South Korea's biggest daily newspaper, the Chosun Ilbo, said Kim made a similar round of field guidance visits to the same remote area of North Korea weeks before the last test-firing of its longest-range Taepodong-2 missile in 2006.

On Monday, KCNA said the leader toured a military base. The Chosun Ilbo said the base is part of the North's missile program and was on Kim's itinerary before the 2006 launch.

South Korea's Unification Ministry spokesman declined to confirm the nature of the base Kim visited.

The Taepodong-2, supposed to have a range that will take it to Alaska, fizzled just seconds into that 2006 flight and destructed.

The United States is monitoring the missile preparations on the same launch pad used in the failed 2006 test, but there is no sign of an actual missile, U.S. officials said on Tuesday, adding Washington believes Pyongyang is preparing for some sort of launch but may be moving cautiously to avoid another failure.

North Korea stunned the region when it fired a Taepodong-1 missile over Japan in 1998, saying it had launched a satellite.

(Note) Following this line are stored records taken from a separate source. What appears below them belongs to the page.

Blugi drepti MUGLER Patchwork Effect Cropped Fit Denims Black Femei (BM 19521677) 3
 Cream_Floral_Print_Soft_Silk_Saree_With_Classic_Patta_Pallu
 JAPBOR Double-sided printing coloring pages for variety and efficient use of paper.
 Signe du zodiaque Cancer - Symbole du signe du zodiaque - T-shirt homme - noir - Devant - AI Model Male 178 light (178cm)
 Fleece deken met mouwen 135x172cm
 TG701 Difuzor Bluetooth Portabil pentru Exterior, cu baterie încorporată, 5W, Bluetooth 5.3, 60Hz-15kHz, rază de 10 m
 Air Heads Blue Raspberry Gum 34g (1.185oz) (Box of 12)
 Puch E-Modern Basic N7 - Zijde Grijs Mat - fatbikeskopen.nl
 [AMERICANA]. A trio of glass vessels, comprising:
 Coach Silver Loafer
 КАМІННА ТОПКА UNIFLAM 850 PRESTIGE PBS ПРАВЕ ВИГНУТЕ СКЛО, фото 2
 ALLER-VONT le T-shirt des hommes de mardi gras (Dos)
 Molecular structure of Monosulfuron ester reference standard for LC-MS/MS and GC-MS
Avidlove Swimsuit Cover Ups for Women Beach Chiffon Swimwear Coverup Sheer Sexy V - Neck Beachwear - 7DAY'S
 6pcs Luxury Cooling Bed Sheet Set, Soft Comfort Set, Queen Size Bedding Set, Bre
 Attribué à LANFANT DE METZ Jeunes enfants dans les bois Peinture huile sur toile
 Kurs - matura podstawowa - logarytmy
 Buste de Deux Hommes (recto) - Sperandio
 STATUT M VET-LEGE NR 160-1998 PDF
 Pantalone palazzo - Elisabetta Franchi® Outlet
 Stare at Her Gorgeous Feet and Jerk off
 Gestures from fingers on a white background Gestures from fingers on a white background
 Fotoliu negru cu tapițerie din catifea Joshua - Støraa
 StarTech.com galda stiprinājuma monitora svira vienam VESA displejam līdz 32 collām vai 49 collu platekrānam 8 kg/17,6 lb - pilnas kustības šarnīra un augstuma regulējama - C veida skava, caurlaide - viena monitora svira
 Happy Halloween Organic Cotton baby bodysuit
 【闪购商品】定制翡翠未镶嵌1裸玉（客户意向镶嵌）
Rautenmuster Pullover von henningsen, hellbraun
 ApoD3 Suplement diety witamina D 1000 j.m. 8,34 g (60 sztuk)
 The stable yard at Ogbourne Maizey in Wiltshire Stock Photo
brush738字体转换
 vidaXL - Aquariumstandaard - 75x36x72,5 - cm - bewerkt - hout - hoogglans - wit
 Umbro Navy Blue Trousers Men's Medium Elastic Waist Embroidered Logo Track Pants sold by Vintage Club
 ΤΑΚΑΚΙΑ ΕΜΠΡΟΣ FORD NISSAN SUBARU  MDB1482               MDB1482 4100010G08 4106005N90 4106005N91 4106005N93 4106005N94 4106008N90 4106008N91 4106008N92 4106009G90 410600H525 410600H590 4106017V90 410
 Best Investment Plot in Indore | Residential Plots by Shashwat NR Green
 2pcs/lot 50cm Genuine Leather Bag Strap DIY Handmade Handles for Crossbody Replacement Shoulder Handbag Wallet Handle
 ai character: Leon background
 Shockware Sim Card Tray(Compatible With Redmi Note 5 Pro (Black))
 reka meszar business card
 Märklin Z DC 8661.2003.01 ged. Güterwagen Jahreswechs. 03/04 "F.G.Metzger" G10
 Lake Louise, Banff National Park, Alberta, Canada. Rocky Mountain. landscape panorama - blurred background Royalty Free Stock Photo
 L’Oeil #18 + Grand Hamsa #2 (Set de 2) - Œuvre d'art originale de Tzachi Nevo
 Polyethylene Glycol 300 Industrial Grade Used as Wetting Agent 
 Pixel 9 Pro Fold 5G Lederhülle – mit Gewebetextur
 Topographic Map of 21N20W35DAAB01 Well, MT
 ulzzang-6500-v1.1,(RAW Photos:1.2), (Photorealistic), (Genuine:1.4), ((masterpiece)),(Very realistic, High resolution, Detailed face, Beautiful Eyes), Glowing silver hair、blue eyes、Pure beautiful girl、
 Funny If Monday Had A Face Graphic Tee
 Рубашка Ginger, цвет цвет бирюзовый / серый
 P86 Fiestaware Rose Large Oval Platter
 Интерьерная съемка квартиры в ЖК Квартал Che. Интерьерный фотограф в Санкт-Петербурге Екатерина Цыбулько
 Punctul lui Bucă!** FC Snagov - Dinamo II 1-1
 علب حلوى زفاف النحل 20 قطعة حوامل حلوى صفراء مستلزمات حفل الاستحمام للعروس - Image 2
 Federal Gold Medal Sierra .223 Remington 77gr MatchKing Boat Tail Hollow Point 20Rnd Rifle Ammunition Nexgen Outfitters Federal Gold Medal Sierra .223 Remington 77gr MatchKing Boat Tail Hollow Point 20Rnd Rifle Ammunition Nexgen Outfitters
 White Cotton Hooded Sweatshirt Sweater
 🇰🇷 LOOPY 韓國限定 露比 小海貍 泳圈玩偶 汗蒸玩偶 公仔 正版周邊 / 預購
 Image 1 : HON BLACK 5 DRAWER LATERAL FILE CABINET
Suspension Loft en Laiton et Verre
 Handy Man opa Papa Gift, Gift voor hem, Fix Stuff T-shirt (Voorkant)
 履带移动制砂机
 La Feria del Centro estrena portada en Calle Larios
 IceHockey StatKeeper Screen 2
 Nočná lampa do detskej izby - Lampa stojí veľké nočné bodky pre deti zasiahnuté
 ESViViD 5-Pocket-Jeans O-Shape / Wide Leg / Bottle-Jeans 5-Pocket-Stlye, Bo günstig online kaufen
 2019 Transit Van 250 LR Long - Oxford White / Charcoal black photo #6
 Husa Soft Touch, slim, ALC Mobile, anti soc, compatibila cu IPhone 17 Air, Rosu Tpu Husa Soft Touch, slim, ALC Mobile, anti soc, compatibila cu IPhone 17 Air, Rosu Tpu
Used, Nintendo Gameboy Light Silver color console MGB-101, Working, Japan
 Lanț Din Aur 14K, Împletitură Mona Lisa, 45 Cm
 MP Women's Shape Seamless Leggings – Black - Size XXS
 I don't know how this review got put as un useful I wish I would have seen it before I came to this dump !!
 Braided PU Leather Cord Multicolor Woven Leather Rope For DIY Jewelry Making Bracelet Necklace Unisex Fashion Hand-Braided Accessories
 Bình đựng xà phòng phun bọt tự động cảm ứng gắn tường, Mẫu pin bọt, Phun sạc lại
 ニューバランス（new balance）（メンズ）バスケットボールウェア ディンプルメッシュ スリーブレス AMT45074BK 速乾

If the Taepodong-2 flies successfully, Pyongyang would have a missile with a maximum range of 4,200 miles, designed to eventually carry a nuclear warhead that could hit U.S. territory, but not the contiguous 48 states, analysts said.

Proliferation experts have said the North, which tested a nuclear device in 2006, does not have the technology to make a nuclear weapon small enough to mount as a warhead.

It does not matter if it is a satellite or a ballistic missile because they use similar technology, South Korean Defense Minister Lee Sang-hee told parliament on Tuesday, Yonhap news agency said.